I want that russian chick to be there!!!


----------



## adroitcuffs (Jun 3, 2006)

*Re: Spring 2007 Masscops Meet and Greet!*

I'd love to join in on the fun! :fun:

Won't be around for most of March though. I'll be in Australia for the World Police & Fire Games!! :jump:


----------



## JoninNH (Jan 29, 2004)

*Re: Spring 2007 Masscops Meet and Greet!*

Ken, I'll have no problem relieving you of all that cash myself!


----------



## SinePari (Aug 15, 2004)

*Re: Spring 2007 Masscops Meet and Greet!*

Whoa! Maybe we'll clear out Landsdowne St and have a good 'ol fashioned 50 paces...a-la Tombstone!


----------



## Pacman (Aug 29, 2005)

*Re: Spring 2007 Masscops Meet and Greet!*

If there's firearms involved Pac may have to make an appearance. The only way to settle this properly is with Simunitions. 15 paces turn and fire. Lethal hits only. I'm game if you are.


----------



## Danman (Nov 21, 2006)

*Re: Spring 2007 Masscops Meet and Greet!*

paintballing would be sick


----------



## CJIS (Mar 12, 2005)

*Re: Spring 2007 Masscops Meet and Greet!*

that sounds interesting


----------



## rocksy1826 (Nov 12, 2006)

*Re: Spring 2007 Masscops Meet and Greet!*

While I love paintball? I think I may be a little afraid of paintballing with you guys


----------



## SOT (Jul 30, 2004)

*Re: Spring 2007 Masscops Meet and Greet!*

There will be NO painting of balls at my house!


----------



## rocksy1826 (Nov 12, 2006)

*Re: Spring 2007 Masscops Meet and Greet!*



SOT_II said:


> There will be NO painting of balls at my house!

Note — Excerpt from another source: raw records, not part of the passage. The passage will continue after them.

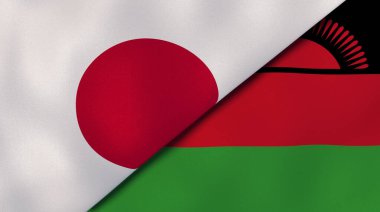 Japonya ve Malawi 'nin iki bayrağı. Kaliteli bir iş geçmişi. 3d illüstrasyon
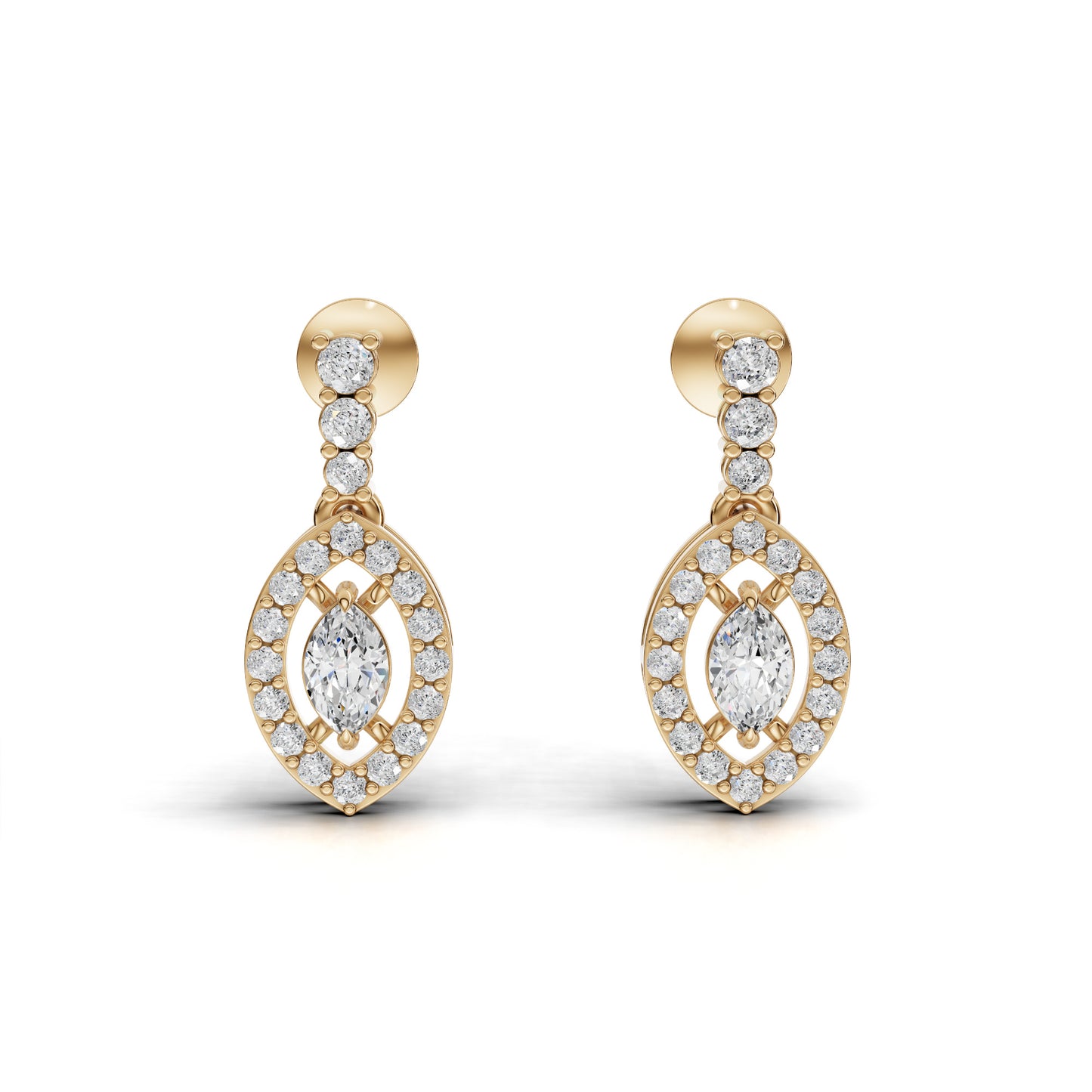 Marquise Halo Drop Moissanite Diamond Earrings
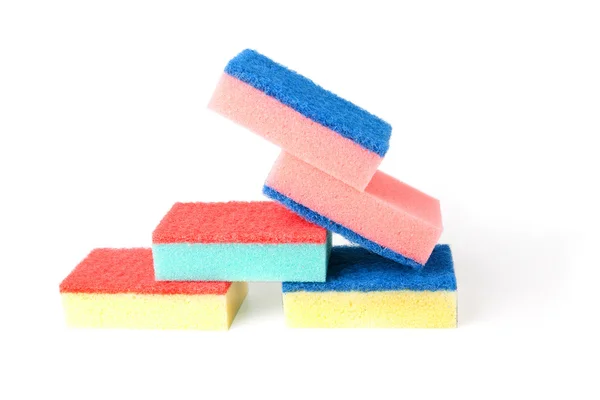 Colourful tower of kitchen scourers. — Stock Photo, Image
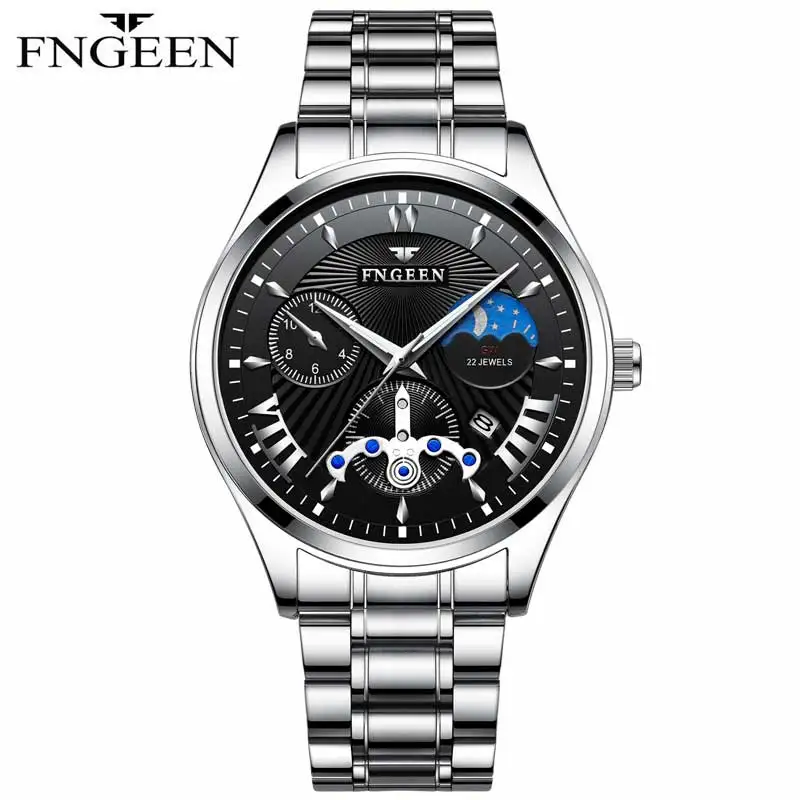 

FNGEEN Modern Fashion Quartz Watch Men Stainless Steel Watchband High Quality Casual Wristwatch Sun and Moon Stars Design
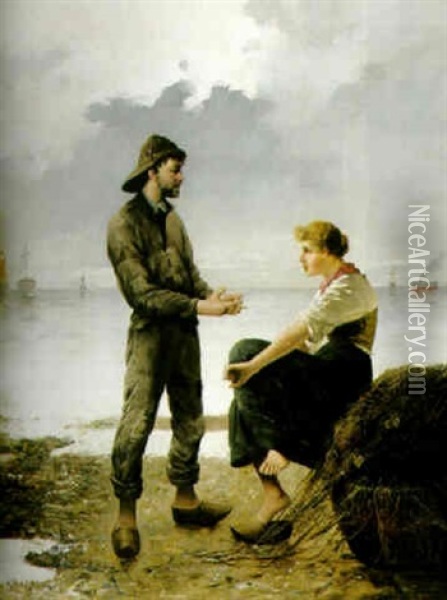 Kurtis Oil Painting - August Vilhelm Nikolaus Hagborg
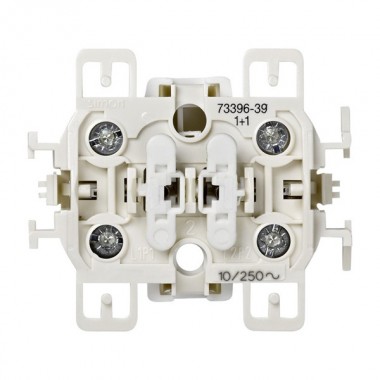 Обзор Выключатель двухклавишный кнопочный для управления жалюзи, 10А 250В, S73,  Simon 73 Loft
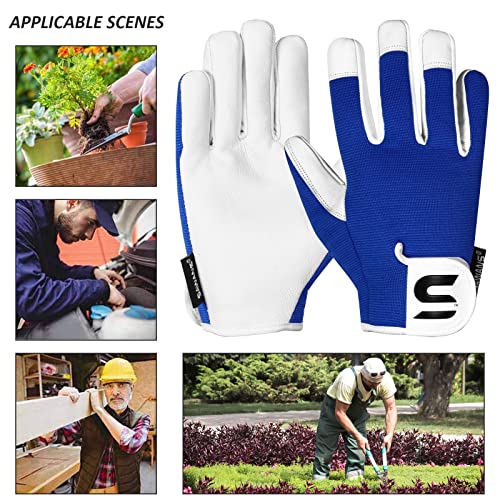 SAWANS Guantes de jardinería de Cuero para Mujeres y Hombres, Guantes de jardín a Prueba de Espinas para Mujeres y Hombres, jardinería, Guantes de Trabajo duraderos de Piel (Azul, M) - imagen 2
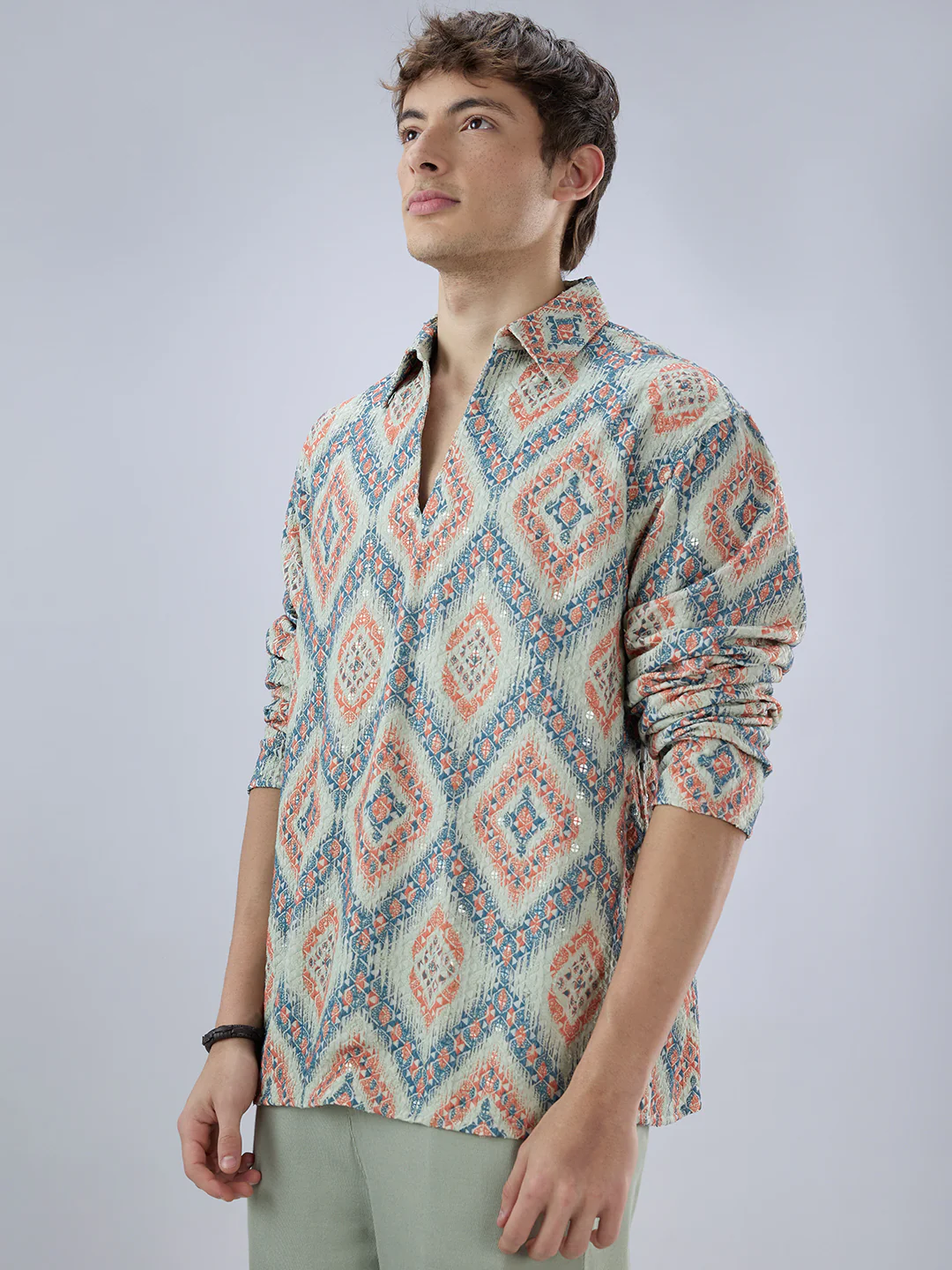 Jashn Aura Blue Sequin Embroidered Polo Neck Oversized Shirt - Image 6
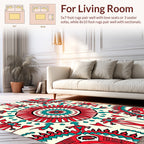 Vibrant Red Teal Sunburst Patterned Rug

but.... that's the whole purpose of edible body paint!!!!


----------



## rocksy1826 (Nov 12, 2006)

*Re: Spring 2007 Masscops Meet and Greet!*

raspberry jello is yummy


----------



## Pacman (Aug 29, 2005)

*Re: Spring 2007 Masscops Meet and Greet!*

Ok i'll wrestle the women in the jello. I'm not scared.


----------



## JoninNH (Jan 29, 2004)

*Re: Spring 2007 Masscops Meet and Greet!*

Will camcorders be allowed? Masscops Gone Wild?


----------



## badgebunny (Aug 17, 2005)

*Re: Spring 2007 Masscops Meet and Greet!*

Hmmmmmm.....


----------



## justanotherparatrooper (Aug 27, 2006)

*Re: Spring 2007 Masscops Meet and Greet!*

OK guys its warmin up....lets do this thing


----------



## Danman (Nov 21, 2006)

*Re: Spring 2007 Masscops Meet and Greet!*

i say a paintball event would be fun

either that or we can have a big cook out at a pond like buckmasters in westwood and have a good day of fishing but that would ahve to wait till the fall .. bigger fish


----------



## dcs2244 (Jan 29, 2004)

*Re: Spring 2007 Masscops Meet and Greet!*

I like the idea of paying guns over at SOT's...and a pig roast. Maybe we could do both, but like SOT said: no drinks til after the shooting is done and the firearms are secured.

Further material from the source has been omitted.